Re: A look at some alternative PACK file encodings

"Jon Smirl" <jonsmirl@xxxxxxxxx> · Wed, 6 Sep 2006 20:04:02 -0400

On 9/6/06, A Large Angry SCM <gitzilla@xxxxxxxxx> wrote:
Jon Smirl wrote:
> On 9/6/06, A Large Angry SCM <gitzilla@xxxxxxxxx> wrote:
>> TREE objects do not delta or deflate well.
>
> I can understand why they don't deflate, the path names are pretty
> much unique and the sha1s are incompressible. By why don't they delta
> well? Does sorting them by size mess up the delta process?

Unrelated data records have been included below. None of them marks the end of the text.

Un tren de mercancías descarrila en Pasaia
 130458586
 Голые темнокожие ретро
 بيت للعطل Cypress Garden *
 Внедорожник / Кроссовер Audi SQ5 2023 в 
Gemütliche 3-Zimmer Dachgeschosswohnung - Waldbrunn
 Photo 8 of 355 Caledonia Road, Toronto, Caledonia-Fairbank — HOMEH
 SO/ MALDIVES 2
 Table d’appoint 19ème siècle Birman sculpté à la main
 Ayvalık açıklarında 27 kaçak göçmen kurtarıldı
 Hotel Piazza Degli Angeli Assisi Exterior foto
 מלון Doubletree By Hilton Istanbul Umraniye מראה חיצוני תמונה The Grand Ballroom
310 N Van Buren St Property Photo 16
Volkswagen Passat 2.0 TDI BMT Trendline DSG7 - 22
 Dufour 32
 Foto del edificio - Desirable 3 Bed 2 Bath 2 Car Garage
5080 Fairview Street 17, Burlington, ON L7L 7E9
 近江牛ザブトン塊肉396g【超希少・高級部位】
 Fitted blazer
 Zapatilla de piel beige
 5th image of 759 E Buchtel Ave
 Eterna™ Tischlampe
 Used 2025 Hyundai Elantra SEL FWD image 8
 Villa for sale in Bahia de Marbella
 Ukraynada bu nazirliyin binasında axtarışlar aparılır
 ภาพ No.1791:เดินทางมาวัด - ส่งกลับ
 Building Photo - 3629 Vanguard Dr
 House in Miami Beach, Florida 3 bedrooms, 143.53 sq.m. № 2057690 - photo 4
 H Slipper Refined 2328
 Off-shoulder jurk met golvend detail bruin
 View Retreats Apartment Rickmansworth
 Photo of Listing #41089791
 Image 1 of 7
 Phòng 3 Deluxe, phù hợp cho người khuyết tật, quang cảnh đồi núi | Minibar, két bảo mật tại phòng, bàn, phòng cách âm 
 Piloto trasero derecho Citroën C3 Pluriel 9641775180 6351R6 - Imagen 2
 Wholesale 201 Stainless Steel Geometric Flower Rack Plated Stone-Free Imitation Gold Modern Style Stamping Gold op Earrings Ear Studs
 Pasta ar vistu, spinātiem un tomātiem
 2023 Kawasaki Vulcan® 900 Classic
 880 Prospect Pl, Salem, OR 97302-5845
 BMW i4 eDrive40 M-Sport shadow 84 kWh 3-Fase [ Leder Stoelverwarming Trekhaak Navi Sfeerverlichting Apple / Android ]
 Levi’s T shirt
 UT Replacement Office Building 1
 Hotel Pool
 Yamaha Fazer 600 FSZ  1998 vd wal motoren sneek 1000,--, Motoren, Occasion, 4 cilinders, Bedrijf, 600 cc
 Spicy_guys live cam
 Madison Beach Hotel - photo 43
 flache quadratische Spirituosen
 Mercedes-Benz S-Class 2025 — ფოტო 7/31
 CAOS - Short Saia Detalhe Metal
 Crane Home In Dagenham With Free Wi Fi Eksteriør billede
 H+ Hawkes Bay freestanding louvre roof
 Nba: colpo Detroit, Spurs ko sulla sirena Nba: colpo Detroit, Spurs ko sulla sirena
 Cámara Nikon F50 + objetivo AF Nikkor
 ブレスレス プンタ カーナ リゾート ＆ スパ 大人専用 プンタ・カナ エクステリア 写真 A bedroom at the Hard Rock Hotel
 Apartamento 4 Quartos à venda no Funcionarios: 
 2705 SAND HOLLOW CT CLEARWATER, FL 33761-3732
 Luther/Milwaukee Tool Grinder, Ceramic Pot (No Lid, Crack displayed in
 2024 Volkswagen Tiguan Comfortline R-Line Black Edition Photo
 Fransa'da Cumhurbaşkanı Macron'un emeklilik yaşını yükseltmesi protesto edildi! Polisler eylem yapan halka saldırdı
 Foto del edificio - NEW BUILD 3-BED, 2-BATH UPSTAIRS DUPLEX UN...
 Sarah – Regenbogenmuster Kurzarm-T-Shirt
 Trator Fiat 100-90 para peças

My guess would be the TREEs would only delta well against other TREE
versions for the same path.

I would have thought that the TREE delta code would have already taken
this into account. Is there enough info around to match up all of the
TREEs for a specific path into a delta chain?

The repack code could build a model of the tree as it is repacking,
that is what fast-import does. If you have a model of the tree then
when you change a TREE node you track the last sha1 that corresponded
to that directory path. Now you know what to diff to.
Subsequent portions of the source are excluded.